== Saved data entries ==

========

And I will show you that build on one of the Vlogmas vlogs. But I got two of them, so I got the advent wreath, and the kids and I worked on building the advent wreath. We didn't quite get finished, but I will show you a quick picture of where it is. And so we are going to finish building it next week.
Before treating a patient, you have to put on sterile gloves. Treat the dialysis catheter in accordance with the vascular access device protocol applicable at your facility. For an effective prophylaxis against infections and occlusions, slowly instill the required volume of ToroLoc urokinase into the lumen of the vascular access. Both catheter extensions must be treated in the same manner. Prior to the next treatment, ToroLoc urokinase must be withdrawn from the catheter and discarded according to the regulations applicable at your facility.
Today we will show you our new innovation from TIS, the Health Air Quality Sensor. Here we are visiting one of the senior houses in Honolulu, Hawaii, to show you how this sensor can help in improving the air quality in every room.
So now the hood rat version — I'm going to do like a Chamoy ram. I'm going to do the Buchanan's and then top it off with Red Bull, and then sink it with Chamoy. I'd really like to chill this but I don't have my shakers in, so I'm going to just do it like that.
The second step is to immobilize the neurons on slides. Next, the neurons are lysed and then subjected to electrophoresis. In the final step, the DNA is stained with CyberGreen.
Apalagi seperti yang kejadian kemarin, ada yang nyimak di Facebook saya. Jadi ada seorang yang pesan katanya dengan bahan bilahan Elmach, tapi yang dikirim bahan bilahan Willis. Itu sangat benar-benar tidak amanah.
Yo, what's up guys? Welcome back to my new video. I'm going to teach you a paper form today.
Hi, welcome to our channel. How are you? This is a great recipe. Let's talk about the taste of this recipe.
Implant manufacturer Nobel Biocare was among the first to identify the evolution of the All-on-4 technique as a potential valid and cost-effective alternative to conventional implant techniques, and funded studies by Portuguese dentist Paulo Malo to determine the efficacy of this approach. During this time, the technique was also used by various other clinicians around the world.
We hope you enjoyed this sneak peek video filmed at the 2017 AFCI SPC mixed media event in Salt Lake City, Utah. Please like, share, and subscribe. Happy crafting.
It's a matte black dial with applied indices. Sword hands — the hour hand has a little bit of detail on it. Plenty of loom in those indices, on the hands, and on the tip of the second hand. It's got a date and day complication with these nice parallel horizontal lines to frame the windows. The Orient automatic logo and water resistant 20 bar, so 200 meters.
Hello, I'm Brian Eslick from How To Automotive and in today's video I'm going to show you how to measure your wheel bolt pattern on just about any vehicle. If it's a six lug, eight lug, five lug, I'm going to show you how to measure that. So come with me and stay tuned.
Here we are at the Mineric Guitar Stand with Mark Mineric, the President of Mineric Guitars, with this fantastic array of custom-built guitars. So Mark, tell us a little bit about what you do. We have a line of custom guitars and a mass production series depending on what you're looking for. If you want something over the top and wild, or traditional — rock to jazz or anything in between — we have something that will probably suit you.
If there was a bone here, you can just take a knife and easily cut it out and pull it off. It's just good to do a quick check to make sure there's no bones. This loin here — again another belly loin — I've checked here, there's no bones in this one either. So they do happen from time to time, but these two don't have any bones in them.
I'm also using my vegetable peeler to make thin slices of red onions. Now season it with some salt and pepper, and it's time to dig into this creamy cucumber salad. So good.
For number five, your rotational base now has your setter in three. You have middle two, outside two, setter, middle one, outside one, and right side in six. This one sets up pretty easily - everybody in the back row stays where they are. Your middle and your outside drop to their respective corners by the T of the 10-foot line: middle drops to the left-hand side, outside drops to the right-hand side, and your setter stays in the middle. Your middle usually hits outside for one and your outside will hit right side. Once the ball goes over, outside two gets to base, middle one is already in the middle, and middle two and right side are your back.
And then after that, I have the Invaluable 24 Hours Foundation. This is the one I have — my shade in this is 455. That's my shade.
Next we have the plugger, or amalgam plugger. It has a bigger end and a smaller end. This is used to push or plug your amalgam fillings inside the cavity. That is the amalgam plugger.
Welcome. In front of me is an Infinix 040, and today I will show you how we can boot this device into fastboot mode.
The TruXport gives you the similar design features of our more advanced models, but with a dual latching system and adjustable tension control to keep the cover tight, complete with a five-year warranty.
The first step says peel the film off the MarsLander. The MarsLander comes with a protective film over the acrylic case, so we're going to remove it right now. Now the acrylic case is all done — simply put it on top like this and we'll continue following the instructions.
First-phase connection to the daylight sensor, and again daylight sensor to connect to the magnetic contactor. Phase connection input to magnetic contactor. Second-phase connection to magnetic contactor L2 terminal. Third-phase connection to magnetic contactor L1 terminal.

========

== Work instruction ==
Look above for the line holding "Implant manufacturer Nobel". Print it and every line after it, exactly, through the line holding "I'm also using".

== Response to the exercise ==
Implant manufacturer Nobel Biocare was among the first to identify the evolution of the All-on-4 technique as a potential valid and cost-effective alternative to conventional implant techniques, and funded studies by Portuguese dentist Paulo Malo to determine the efficacy of this approach. During this time, the technique was also used by various other clinicians around the world.
We hope you enjoyed this sneak peek video filmed at the 2017 AFCI SPC mixed media event in Salt Lake City, Utah. Please like, share, and subscribe. Happy crafting.
It's a matte black dial with applied indices. Sword hands — the hour hand has a little bit of detail on it. Plenty of loom in those indices, on the hands, and on the tip of the second hand. It's got a date and day complication with these nice parallel horizontal lines to frame the windows. The Orient automatic logo and water resistant 20 bar, so 200 meters.
Hello, I'm Brian Eslick from How To Automotive and in today's video I'm going to show you how to measure your wheel bolt pattern on just about any vehicle. If it's a six lug, eight lug, five lug, I'm going to show you how to measure that. So come with me and stay tuned.
Here we are at the Mineric Guitar Stand with Mark Mineric, the President of Mineric Guitars, with this fantastic array of custom-built guitars. So Mark, tell us a little bit about what you do. We have a line of custom guitars and a mass production series depending on what you're looking for. If you want something over the top and wild, or traditional — rock to jazz or anything in between — we have something that will probably suit you.
If there was a bone here, you can just take a knife and easily cut it out and pull it off. It's just good to do a quick check to make sure there's no bones. This loin here — again another belly loin — I've checked here, there's no bones in this one either. So they do happen from time to time, but these two don't have any bones in them.
I'm also using my vegetable peeler to make thin slices of red onions. Now season it with some salt and pepper, and it's time to dig into this creamy cucumber salad. So good.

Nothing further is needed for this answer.